» The records

============================================================

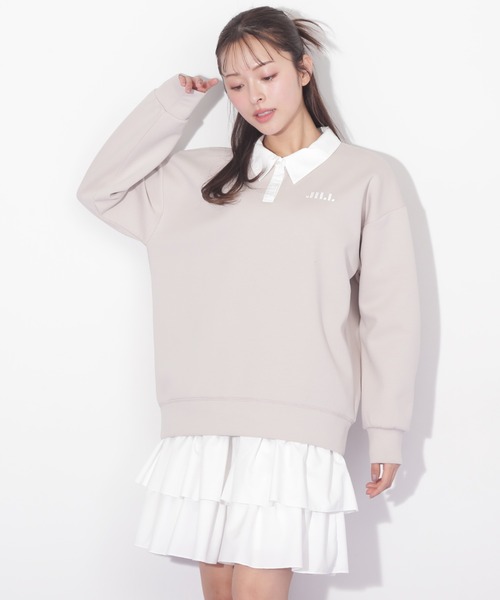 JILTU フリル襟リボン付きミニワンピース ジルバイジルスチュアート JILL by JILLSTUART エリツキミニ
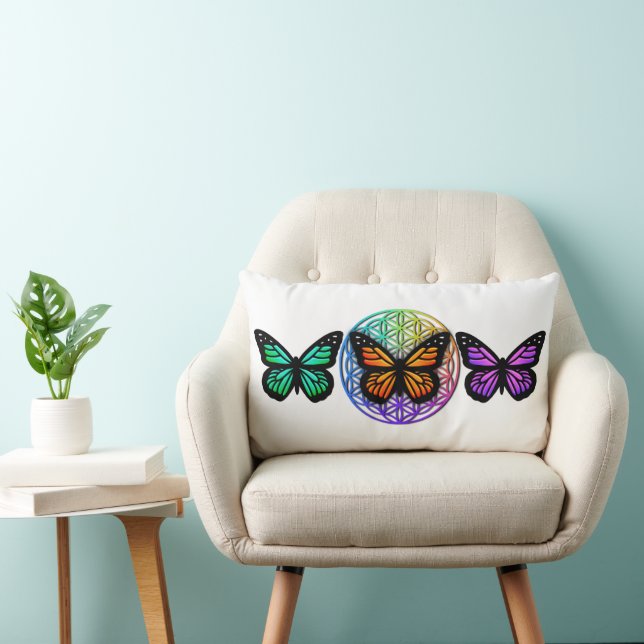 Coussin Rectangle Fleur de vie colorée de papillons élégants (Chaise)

============================================================

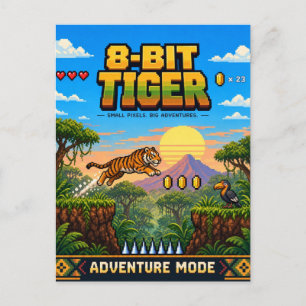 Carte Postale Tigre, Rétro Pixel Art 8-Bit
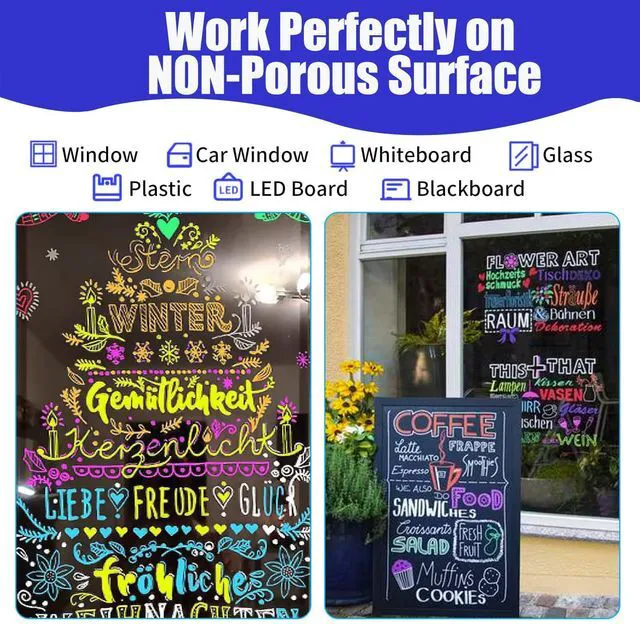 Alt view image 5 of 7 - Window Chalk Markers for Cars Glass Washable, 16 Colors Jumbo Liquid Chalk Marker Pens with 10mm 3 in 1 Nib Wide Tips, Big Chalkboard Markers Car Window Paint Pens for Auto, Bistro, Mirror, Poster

============================================================

» Task brief
Taking the entries above, copy word for word the lines from the one with "Carte Postale Tigre, Rétro Pixel Art 8-Bit" up to and including the one with "Alt view image", without any picture.

» Written answer
 Carte Postale Tigre, Rétro Pixel Art 8-Bit
 Alt view image 5 of 7 - Window Chalk Markers for Cars Glass Washable, 16 Colors Jumbo Liquid Chalk Marker Pens with 10mm 3 in 1 Nib Wide Tips, Big Chalkboard Markers Car Window Paint Pens for Auto, Bistro, Mirror, Poster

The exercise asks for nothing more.